The O(1) running time guarantee is on average, assuming simple uniform hashing.
The guarantee does not hold for every possible data set. For a specific hash function, there is always a pathological data set for which all elements of the set hash to the same value, and in this case the constant time operations guarantee does not hold. More details about pathological data sets and techniques to work around this issue in Hash Functions section.
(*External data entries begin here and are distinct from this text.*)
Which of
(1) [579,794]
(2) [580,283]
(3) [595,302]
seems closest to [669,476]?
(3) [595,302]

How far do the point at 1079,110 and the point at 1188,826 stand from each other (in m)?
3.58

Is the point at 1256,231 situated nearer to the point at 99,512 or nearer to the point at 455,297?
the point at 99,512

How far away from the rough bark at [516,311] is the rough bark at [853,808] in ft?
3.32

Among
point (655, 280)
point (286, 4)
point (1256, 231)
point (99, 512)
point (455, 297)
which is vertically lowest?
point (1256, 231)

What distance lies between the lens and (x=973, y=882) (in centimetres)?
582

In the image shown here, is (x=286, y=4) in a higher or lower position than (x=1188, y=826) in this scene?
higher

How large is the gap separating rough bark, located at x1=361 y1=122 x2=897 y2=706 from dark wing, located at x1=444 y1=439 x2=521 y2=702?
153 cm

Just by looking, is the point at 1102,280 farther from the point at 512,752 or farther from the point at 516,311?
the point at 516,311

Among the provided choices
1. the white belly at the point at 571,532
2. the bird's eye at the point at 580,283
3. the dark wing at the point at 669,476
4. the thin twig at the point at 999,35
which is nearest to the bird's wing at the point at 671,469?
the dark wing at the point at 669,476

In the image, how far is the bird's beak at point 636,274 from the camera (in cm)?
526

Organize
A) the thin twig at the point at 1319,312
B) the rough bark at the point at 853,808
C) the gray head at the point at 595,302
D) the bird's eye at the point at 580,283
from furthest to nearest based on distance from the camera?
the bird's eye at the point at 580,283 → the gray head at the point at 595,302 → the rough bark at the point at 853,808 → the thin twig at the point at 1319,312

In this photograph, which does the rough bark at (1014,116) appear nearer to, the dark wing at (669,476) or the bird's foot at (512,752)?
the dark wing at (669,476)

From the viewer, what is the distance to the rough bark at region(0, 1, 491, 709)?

Another condition for constant running time is that the hash table load factor α must be O(1). If the load factor is a function of n, then intuitively, for a chaining-based implementation, the length of the chaining lists maintained for each bucket will not be constant and will impact the running time. Note that in this case we use a particular notation, n is the number of buckets, not the number of elements in the hash table.
CLRS Page 258.
Direct-Address Table
Direct-address tables make sense when we can afford to allocate an array that has one element for every possible key. This happens when the total number of possible keys is small. To represent a dynamic set, we use an array denoted by T[0 .. m-1], in which each position, or slot, corresponds to a key in the key universe. The array elements store pointers to the object instances corresponding to the keys. If the set contains no element with a key k, then T[k] = NULL. INSERT, DELETE and SEARCH take O(1) time. The disadvantage of using direct-address tables is that if the universe of key is large, allocating an array element for each key is wasteful, and in many cases, impossible, given a computer's memory constraints.
Distributed Hash Tables
In case of a distributed hash table, each bucket may be implemented to reside in a different address space, accessible over the network. This case raises two major problems: a storage node may fail and become unavailable, so a solution for high availability must be implemented, and secondly, hash functions such as hashing by division or hashing by multiplication, assume a constant, unchanging number of buckets, and if this number changes, all hash function values become invalid, requiring mass re-distribution, which is an event we must avoid. The problem is addressed by consistent hashing.